Осенний крупный дождь стучится у окна, обои движутся под неподвижным взглядом. Кто эта женщина? Зачем молчит она? Зачем лежит она с тобою рядом? Из окна, из какой-то невидимой, тоже никем не любимой щели (наверняка Аня просила, наверняка я снова ее не услышал) потянуло холодком, длинным, тонким. Как будто кто-то провел у самого горла, не дотрагиваясь, опасной бритвой. Огарев съежился, не решаясь ни придвинуться к жене, ни представить себе Малю. Он был совершенно один – как перед смертью. И никто, никто не мог ему помочь. Все надо было сделать самому. Абсолютно все. Аня повернулась во сне – и безошибочно положила легкую ладонь прямо ему на сердце. Заявила свои права. Бросить ее было все равно что оставить на улице, у мусорного контейнера, годовалого, круглоголового, немого еще пока, бестолкового ребенка. Просто невозможно. Бросить Малю было еще хуже. Все равно что убить того же самого ребенка. Взять и… Огарев вдруг почувствовал, что плачет – все теми же неотвязными стихами Жоржа Адамовича. О том, что мы умрем. О том, что мы живем. О том, как страшно все. И как непоправимо.
К Новому году он похудел так, что Шустрик, проносясь мимо по коридору, вдруг затормозил, вернулся и, взяв Огарева за пуговицу на халате, испуганно спросил – ты в порядке, Сергеич? Огарев не ответил – соображал, что придумать на этот раз, чтобы вырваться вечером к Мале. Хоть на тридцать минут. Хоть на секунду. Просто постоять рядом. Декабрь выдался ненормально теплый, раскисший. На тротуарах стояли лужи, полные достоинства, тихие – но, в отличие от весенних, ничего не отражали. Даже неба. Маля сменила шубку на пальто какого-то удивительного, теплого цвета – сливочного. Огарев, прежде не отличавший креп-жоржет от креп-дерюги и на женские наряды никогда не отвлекавшийся, с умилением вспомнил мягкую и пушистую ткань, щекотавшую ладони. Круглые, как конфеты, пуговицы, тонкие каблучки. Лужа. И еще лужа. Ну вот! И еще одна! Огарев, чувствуя себя живым, молодым, счастливым, подхватил Малю на руки – и прошел по московскому переулку, по щиколотку в ледяной королевской грязи. Подвиг Уолтера Рэли, старый как мир и такой же глупый. Чтобы любимая не замарала башмачков.

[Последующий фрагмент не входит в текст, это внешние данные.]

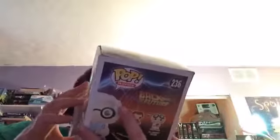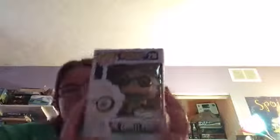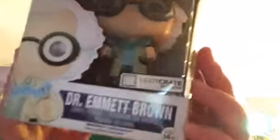I'll put the box behind. All right, so the first thing I see is a shirt. I'm going to save that for last. And then I see a Funko Pop toy of Mr. Emmett Brown — vinyl figure from Back to the Future. So that is awesome.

Маля смеялась – тяжеленькая, как закутанный в зимнее ребенок, и пахла яблоками, обещая тихо приближающийся, но еще далекий-далекий мороз. Вот Аня ничем не пахла. К черту Аню.
Невыносимо это все. Просто невыносимо.
Шустрик, не на шутку перепуганный, перетаптывался рядом. У тебя ничего не болит, старик? А? Вес быстро сбрасываешь? Не тошнит? Голова не кружится? Давай-ка я на УЗИ тебя свожу, вот что – на трехмерное, мы как раз аппарат только что получили. Я здоров, Шустрик. Сказал медленно. Не волнуйся. Это не рак. Рак я бы не прошляпил. Все так говорят! – запричитал Шустрик, догоняя, семеня на маленьких толстых лапках, торопясь. И вообще, как будто рак – это самое страшное. Есть на свете вещи и похуже.